A Constituição como ferramenta de trabalho (III)
Jovens superam os velhos quando se aprimoram na técnica e inovam na aplicação da Constituição.
terça-feira, 8 de setembro de 2020
Atualizado às 08:17
O vínculo do processo penal com o direito constitucional mostra-se intrínseco. Basta ler o artigo 5º, da Lei Maior, para se deparar com vasto número de direitos do indivíduo na persecução penal.
Note-se que o legislador constituinte de 1988, de propósito, escreveu os direitos e as garantias individuais no atrium da Constituição, com o fim de conferir relevância a tais dispositivos na interpretação do próprio texto constitucional, além dos tratados internacionais e das leis em gênero.
Aquilata-se a dimensão da referida tutela jurídica, ao se observar que os próprios tratados internacionais podem ampliar o rol de direitos e garantias (art. 5º, parágrafo 2º, da CR). Nesse sentido, a magnitude do artigo 8º, do Pacto de San Jose da Costa Rica (Decreto 632/86), para o exercício da ampla defesa.
A preservação da liberdade jurídica do individuo na persecução criminal, a contar de leitura constitucional das regras do direito processual penal, não surge novidade no direito pátrio. Vale recordar dos trabalhos importantíssimos de João Mendes Junior, o qual deu caráter científico ao processo penal, desde o século XIX.
A eficácia desse sistema jurídico-constitucional de anteparo ao arbítrio estatal vê-se testada a depender do momento político do país. A subserviência de alguns magistrados a ideologias e a governos, em certas fases da história nacional, levou a graves injustiças causadas por meio de processos criminais, tais como as que ocorreram na Ditadura Vargas, no regime militar de 64, para não se precipitar a crítica que historiadores e juristas hão de fazer a juízes e tribunais, atuantes na Operação Lava-Jato.
Advogados precisam enfrentar as turbulências da Justiça Criminal com a mesma segurança e responsabilidade que o piloto de avião exibe ao se defrontar com intempéries.
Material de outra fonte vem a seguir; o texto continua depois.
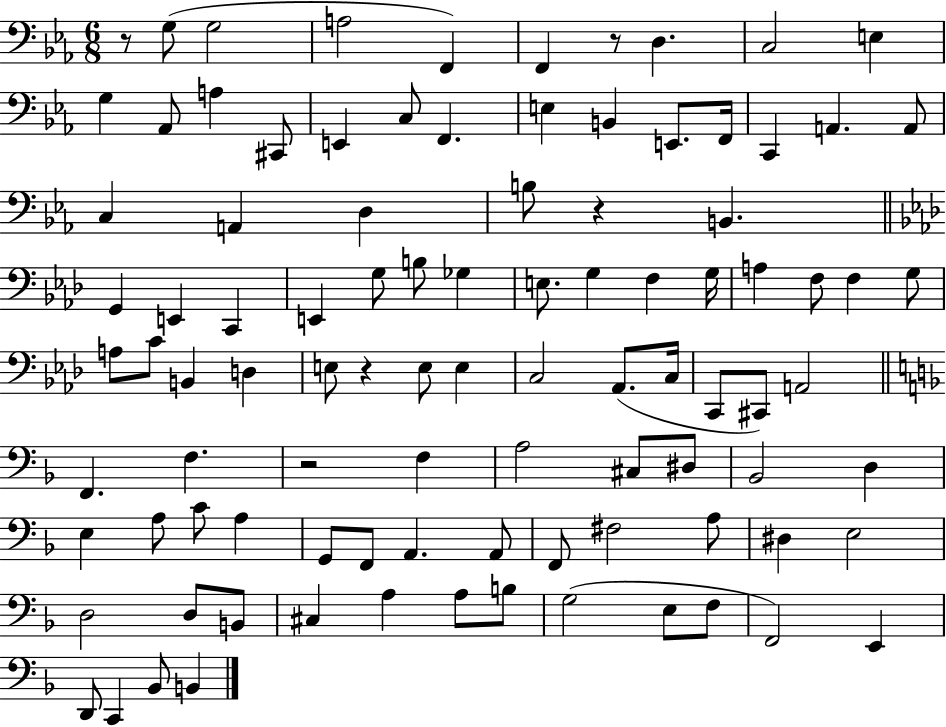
X:1
T:Untitled
M:6/8
L:1/4
K:Eb
z/2 G,/2 G,2 A,2 F,, F,, z/2 D, C,2 E, G, _A,,/2 A, ^C,,/2 E,, C,/2 F,, E, B,, E,,/2 F,,/4 C,, A,, A,,/2 C, A,, D, B,/2 z B,, G,, E,, C,, E,, G,/2 B,/2 _G, E,/2 G, F, G,/4 A, F,/2 F, G,/2 A,/2 C/2 B,, D, E,/2 z E,/2 E, C,2 _A,,/2 C,/4 C,,/2 ^C,,/2 A,,2 F,, F, z2 F, A,2 ^C,/2 ^D,/2 _B,,2 D, E, A,/2 C/2 A, G,,/2 F,,/2 A,, A,,/2 F,,/2 ^F,2 A,/2 ^D, E,2 D,2 D,/2 B,,/2 ^C, A, A,/2 B,/2 G,2 E,/2 F,/2 F,,2 E,, D,,/2 C,, _B,,/2 B,, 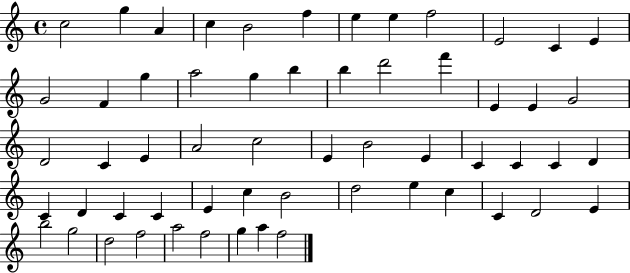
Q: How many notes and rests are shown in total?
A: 58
Na Constituição, o defensor acha o checklist de direitos do seu cliente. Deve exigir o respeito a tais direitos de todos os funcionários públicos que ajam na persecutio criminis, sem tergiversar quanto à preservação da liberdade jurídica do indivíduo, ainda que residual, no âmbito da execução da pena.
O jovem profissional do Direito crê na dicotomia teoria/prática, de modo um tanto pueril, sem se aperceber que a práxis se caracteriza como a teoria em ato ou atividade, como ensina Louis Althusser. Logo, não acredite na falsa distinção entre ambas.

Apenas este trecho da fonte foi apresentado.